I burned out on the Star Wars universe relatively quickly and I don't think I'm going to recover. Plus the last movie was completely traumatizing...what's-his-face who played Anakin has got to be the worst actor I've ever seen. I wanted to crawl under my seat every time he opened his mouth to butcher yet another line. *shudders*

Then too, I just prefer fantasy to science fiction in general (and yes, I know, technically Star Wars could be considered a fantasy. Whatever. It has blasters, it's a science fiction). I prefer the medieval aspect of most fantasy.


----------



## Aragorn21

I agree, I also totally dislike Star Wars ep. 2. I feel like I've wasted time after I watch that movie.


----------



## MrFrodo

I like star wars.......

BUT love Lord of the Rings......Lord fo the rings movies are far much better than Star Wars......i prefer stars ep 1 and 2 to the others...so i guess i like the new moderner film....with slick effects.....


----------



## Ice Man

LOTR, obviously.
I always thought Stars Wars to be extremely geekish and not son fun.


----------



## Roilya

exactly, when i think of star wars fans i see a guy with taped glasses, a pocket protector, wearing suspenders, that talks with a lisp. maybe its all the blasters.


----------



## Holdwine

Well Roilya i think that is more of a star trek fan that your imagining i have been a star wars fan since elemantry school untill this year when i started reading lotr and i got really into it


----------



## Gandalf White

I like SW Episode I, during the parts without Anakin and Padme. Episode II and the original three I hate. So basically, my like of Star Wars is summed up in the lightsaber duel between Darth Maul, Obi Wan, and Qui Gon.  
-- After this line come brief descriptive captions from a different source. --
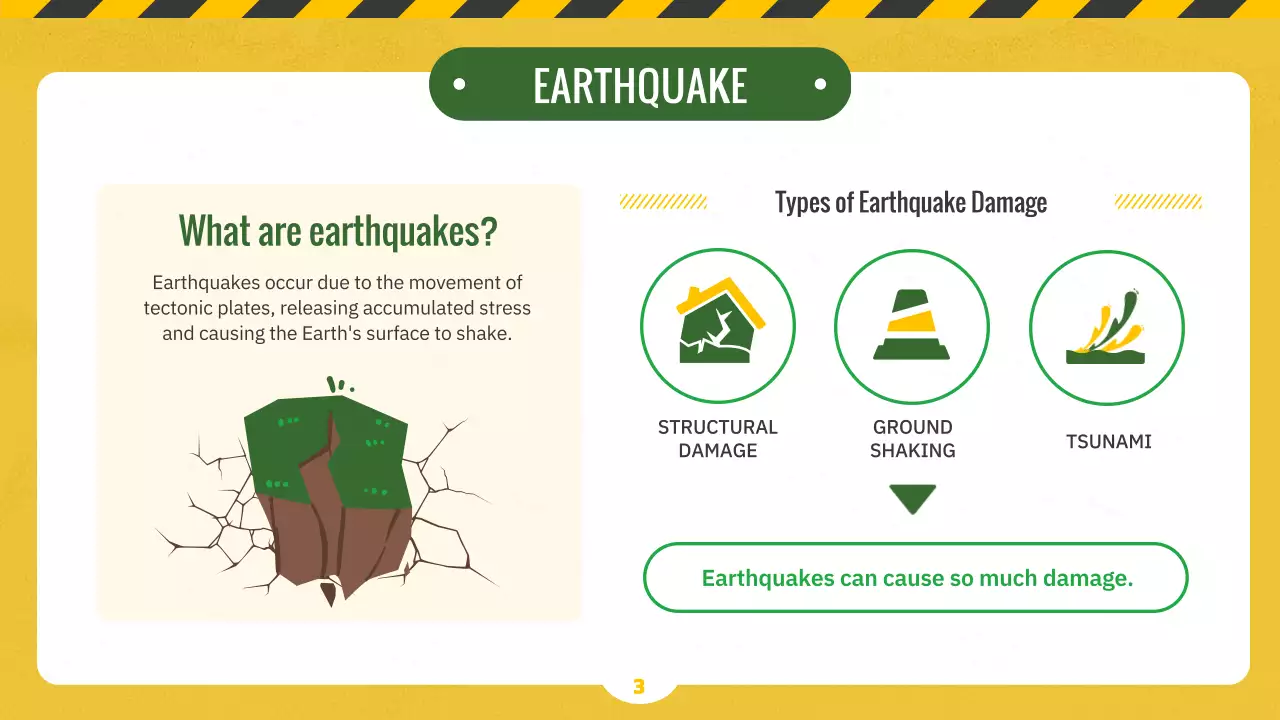 Earthquake and disaster preparedness safety education using illustrations on a yellow and green chalkboard concept
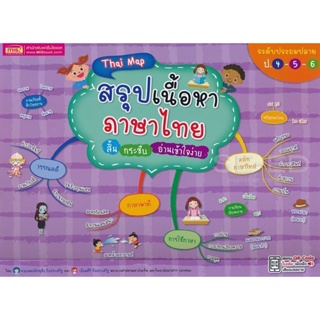 Bundanjai (หนังสือคู่มือเรียนสอบ) Thai Map สรุปเนื้อหาภาษาไทย สั้น กระชับ อ่านเข้าใจง่าย ระดับประถมปลาย ป.4-5-6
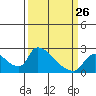 Clarksburg tide chart for Sunday, March 26, 2023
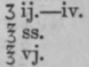 Pruritus 256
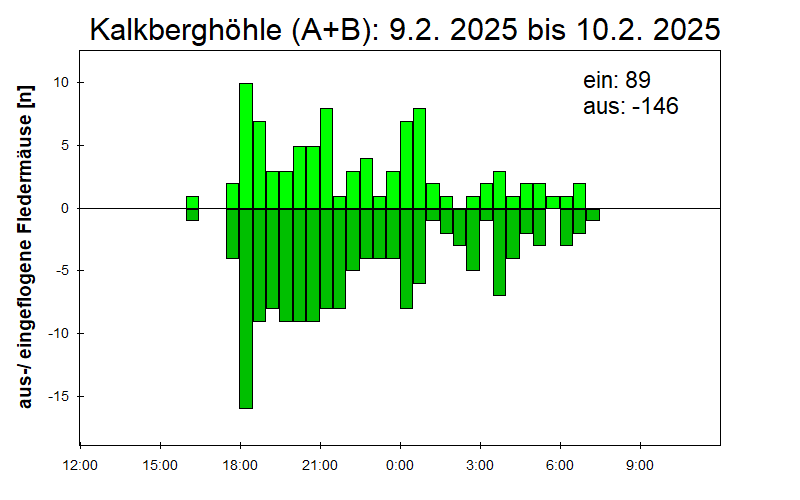 [Fledermaus] Lichtschranke: Segeberger Kalkberg (NABU Schleswig-Holstein)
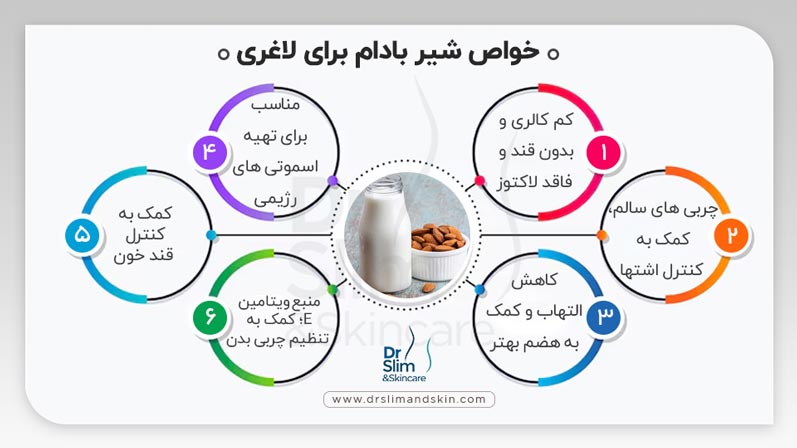 خواص شیر بادام برای لاغری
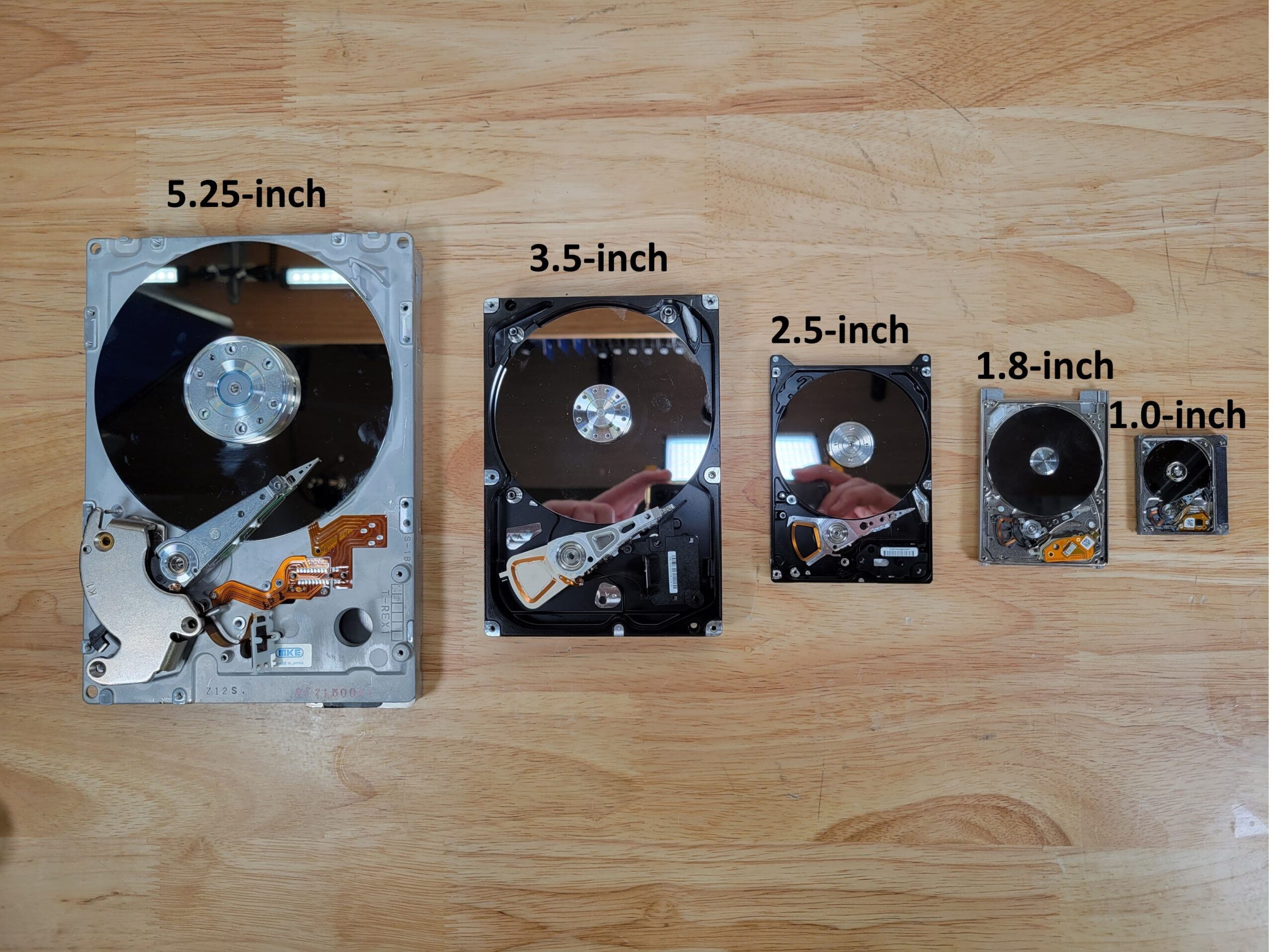 Hard Drive Form Factor 5.25 industry insight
The only reason I'll see Episode III is to 'complete' the story. Probably watch it once, and never again.


----------



## MrFrodo

Gandalf.....didnt you like teh huge battle with the jedis in ep 2....and the yoda bit.....??? what didnt you like ep 2???


----------



## Gandalf White

I didn't like the big battle in Ep. II as much as the Darth Maul duel. The Yoda battle made me laugh.  

That, and the fact that every other scene in the movie involved Anakin and Padme's cheesy love story, complete with absolutely horrid lines. And _neither_ of them can act. 

It was cool in theatres, cuz it was in a theatre--big screen, loud sounds, new story--but watching it at home is a waste of time, IMO.


----------



## celebdraug

Star wars makes me sleepy!  its too boring! And crap!


----------



## MrFrodo

.....fair enough.....

Yoda was great.......!!!!......i like ep 2 and 1....disliek the other starwars as they feel dated now..compare to the other star wars.........im looking forward to how they end it.....with ep 3


----------



## laurelindorenan

I think overall, LOTR wins. It's because of the books really, although they have been around an awful long time. I think that in maybe 30, 40 years time, the SW films will be an eternal history, but for now, sticking to LOTR looks like the best option.


----------



## Gandalf White

> _Originally posted by MrFrodo _
> *im looking forward to how they end it.....with ep 3 *


 I must admit that I cherish a foolish, secret hope... Easily squashed beyond all belief, I want them to remake 4,5, and 6. I even list impossibly small details that tend towards that direction. (i.e. the Storm Troopers uniforms in Ep II, as compared to the others) 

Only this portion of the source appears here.